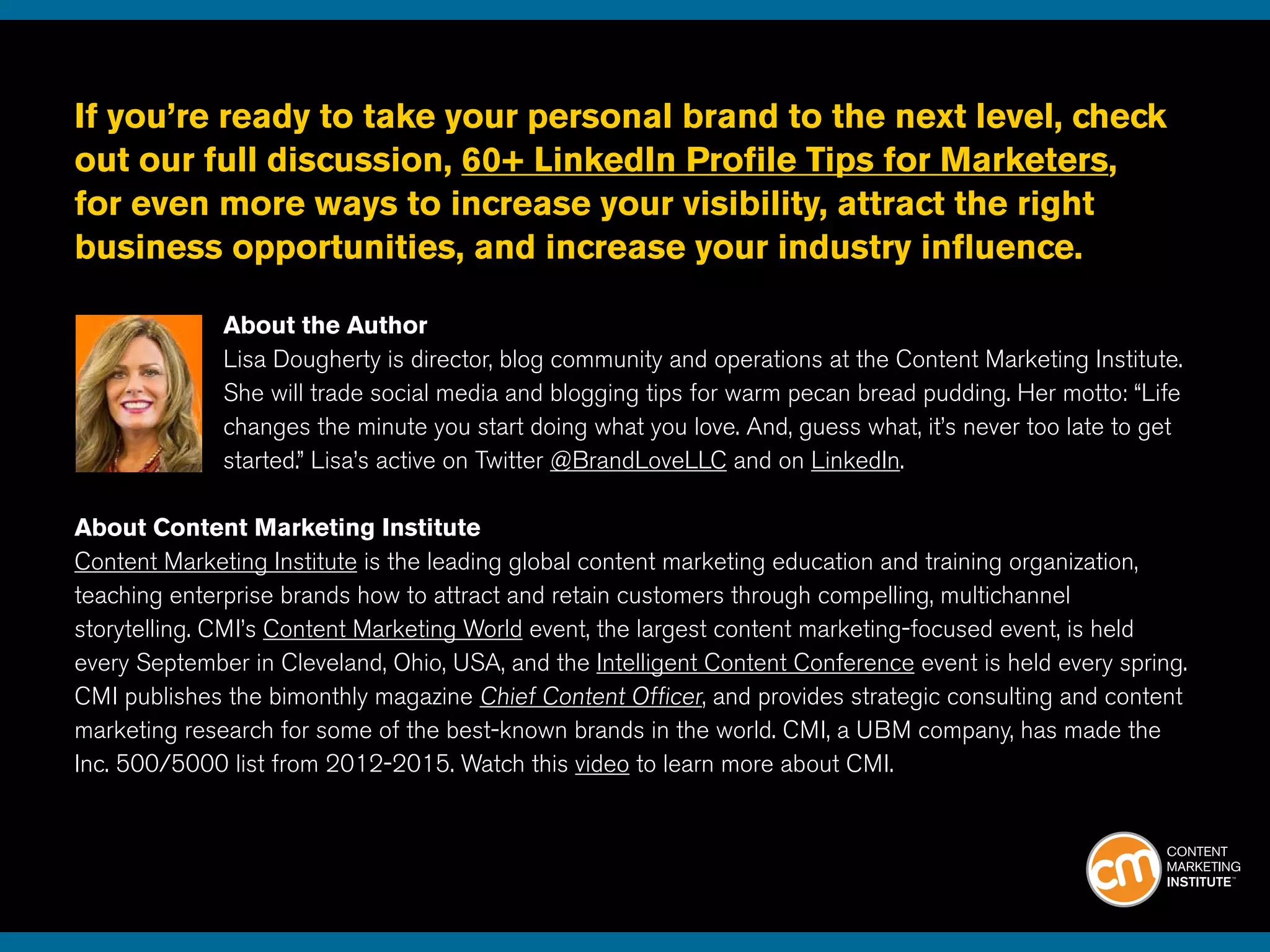 If you’re ready to take your personal brand to the next level, check
out our full discussion, 60+ LinkedIn Profile Tips for Marketers,
for even more ways to increase your visibility, attract the right
business opportunities, and increase your industry influence. 	
About the Author
Lisa Dougherty is director, blog community and operations at the Content Marketing Institute.
She will trade social media and blogging tips for warm pecan bread pudding. Her motto: “Life
changes the minute you start doing what you love. And, guess what, it’s never too late to get
started.” Lisa’s active on Twitter @BrandLoveLLC and on LinkedIn.
About Content Marketing Institute
Content Marketing Institute is the leading global content marketing education and training organization,
teaching enterprise brands how to attract and retain customers through compelling, multichannel
storytelling. CMI’s Content Marketing World event, the largest content marketing-focused event, is held
every September in Cleveland, Ohio, USA, and the Intelligent Content Conference event is held every spring.
CMI publishes the bimonthly magazine Chief Content Officer, and provides strategic consulting and content
marketing research for some of the best-known brands in the world. CMI, a UBM company, has made the
Inc. 500/5000 list from 2012-2015. Watch this video to learn more about CMI.
 
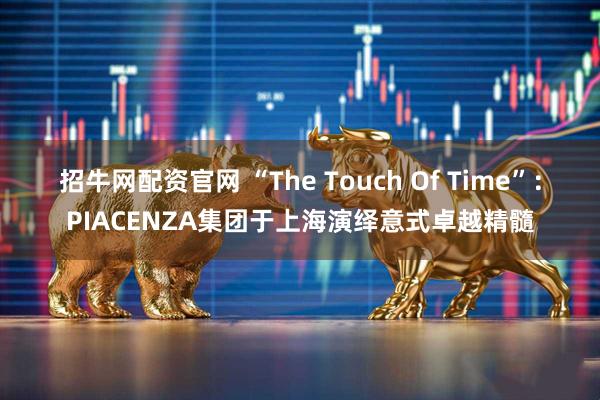 招牛网配资官网 “The Touch Of Time”：PIACENZA集团于上海演绎意式卓越精髓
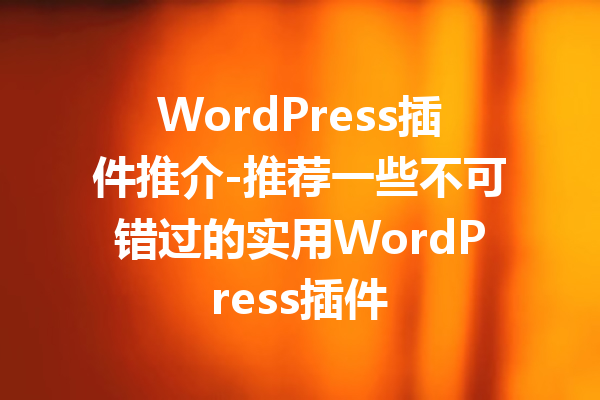 WordPress插件推介-推荐一些不可错过的实用WordPress插件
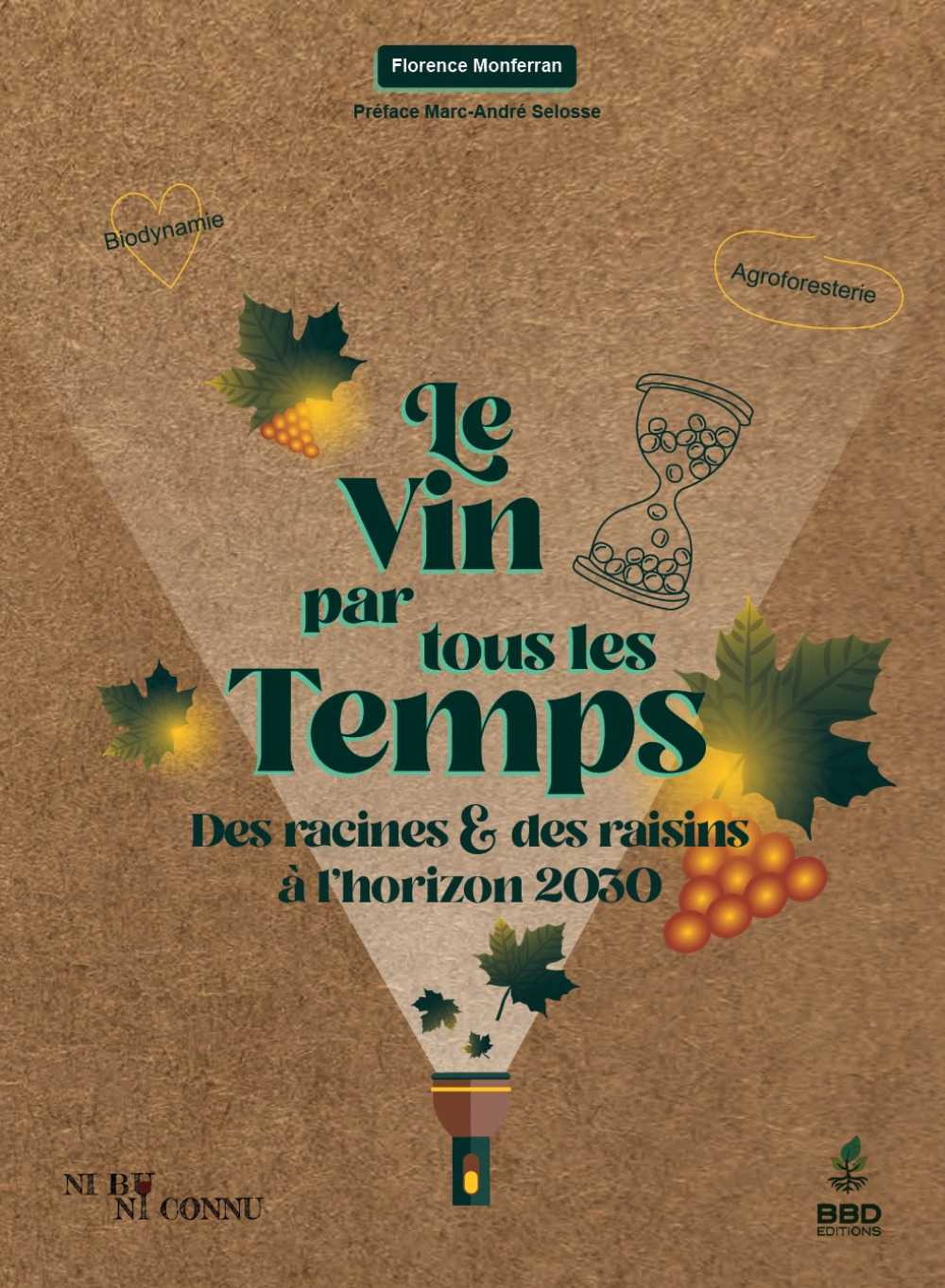 Le vin par tous les temps: des racines et des raisins à l'horizon 2030.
··········
# Directions
Please retype the lines from the one that contains "changes the minute" to the final line of the records, both included, exactly as written and without any pictures.

# Response to this exercise
changes the minute you start doing what you love. And, guess what, it’s never too late to get
started.” Lisa’s active on Twitter @BrandLoveLLC and on LinkedIn.
About Content Marketing Institute
Content Marketing Institute is the leading global content marketing education and training organization,
teaching enterprise brands how to attract and retain customers through compelling, multichannel
storytelling. CMI’s Content Marketing World event, the largest content marketing-focused event, is held
every September in Cleveland, Ohio, USA, and the Intelligent Content Conference event is held every spring.
CMI publishes the bimonthly magazine Chief Content Officer, and provides strategic consulting and content
marketing research for some of the best-known brands in the world. CMI, a UBM company, has made the
Inc. 500/5000 list from 2012-2015. Watch this video to learn more about CMI.
 
 招牛网配资官网 “The Touch Of Time”：PIACENZA集团于上海演绎意式卓越精髓
 WordPress插件推介-推荐一些不可错过的实用WordPress插件
 Le vin par tous les temps: des racines et des raisins à l'horizon 2030.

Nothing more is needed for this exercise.